Abstract
On the 29th of April 2005, experimental Lebanese film maker Maher Abi Samra’s Dwar Shatila was screened in Qaat Al Shaab (the People’s Hall) in the Shatila Palestinian Refugee Camp in Beirut. The postcard invitation to the film’s viewing, designed by the film maker himself was a playful yet biting critique of Beirut’s art makers and art going public. The invitation featured a special map for the anticipated attendees of the film screening that takes Ras Beirut as its departure point and which purposefully (mis) leads to a maze of the tight streets and alleyways that define the camp and which Qaat Al Shaab nestles amongst. Having found themselves lost between its claustrophobic maze of tiny buildings and streets most attendees, including artists, curators, journalists and critics missed the point and as if falling for the film-makers provocations, commented instead on the difficulties and peculiarities of navigating the Camp, just like he envisioned they would.

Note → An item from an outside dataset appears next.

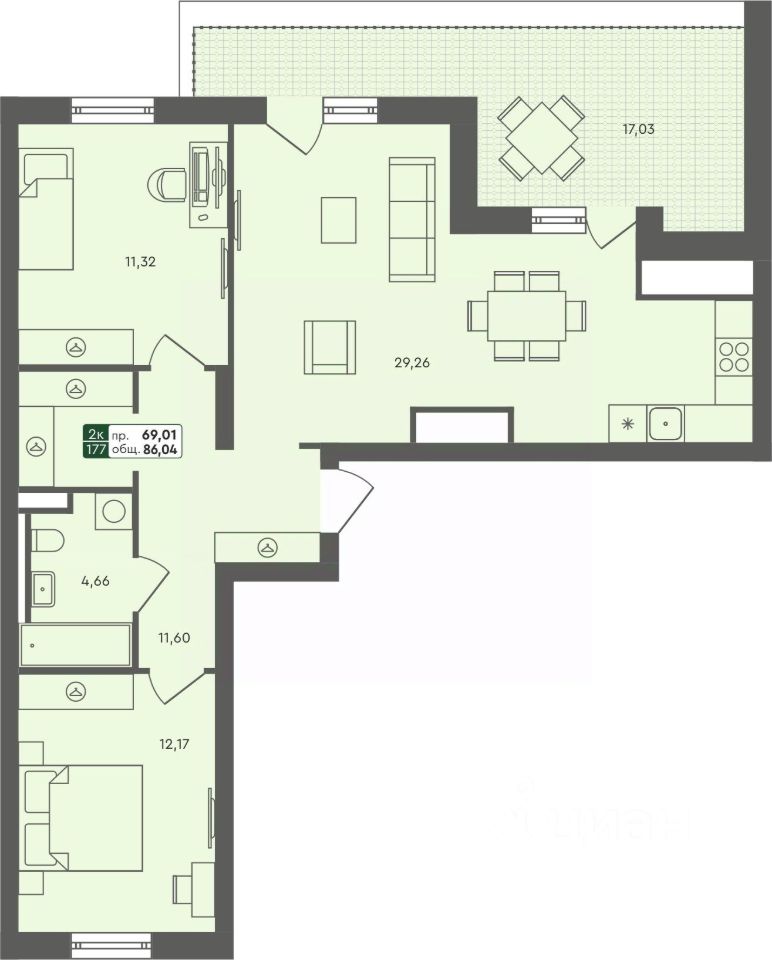 2-комн.кв., 86 м², 5/7 этаж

Taking its cue from Abi Samra’s sardonic comment on the invisibility of Lebanon’s Palestinians in Beirut’s transnationalized and internationally well-networked contemporary art scene, this paper will address how class as a field in the classical Bourdieuian sense, transnational cultural capital, and material culture coalesce in ways that reinforce the already existing marginality of Lebanon’s Palestinians, even when purporting to ‘speak’ for them or about them. Through a focus on Lebanese works of art, artistic projects and personal initiatives that make reference to or entirely elide the Palestinian refugee condition in Lebanon, the paper inserts the material culture representing a people rendered ‘invisible’ in to a paradigm that takes the twin effects of cultural and material capital circulation in the global art world as its focus. It unravels the ways in which cultural politics in Lebanon function to demarcate categories of identity and class that ultimately define how aesthetic materiality about invisibility is produced, consumed and circulated globally. As such the paper rethinks the recent backlash against traditional sociological accounts of art-such as those found in Howard Becker’s Art Worlds and Pierre Bourdieu’s The Field of Cultural Production and the Rules of Art-that have been criticized for overemphasizing the focus on factors of production at the expense of any agency the art may have. It suggests that bringing in materiality, class, and capital highlights how the relationship between material objects and their subjects perpetuates certain ideologies of exclusion.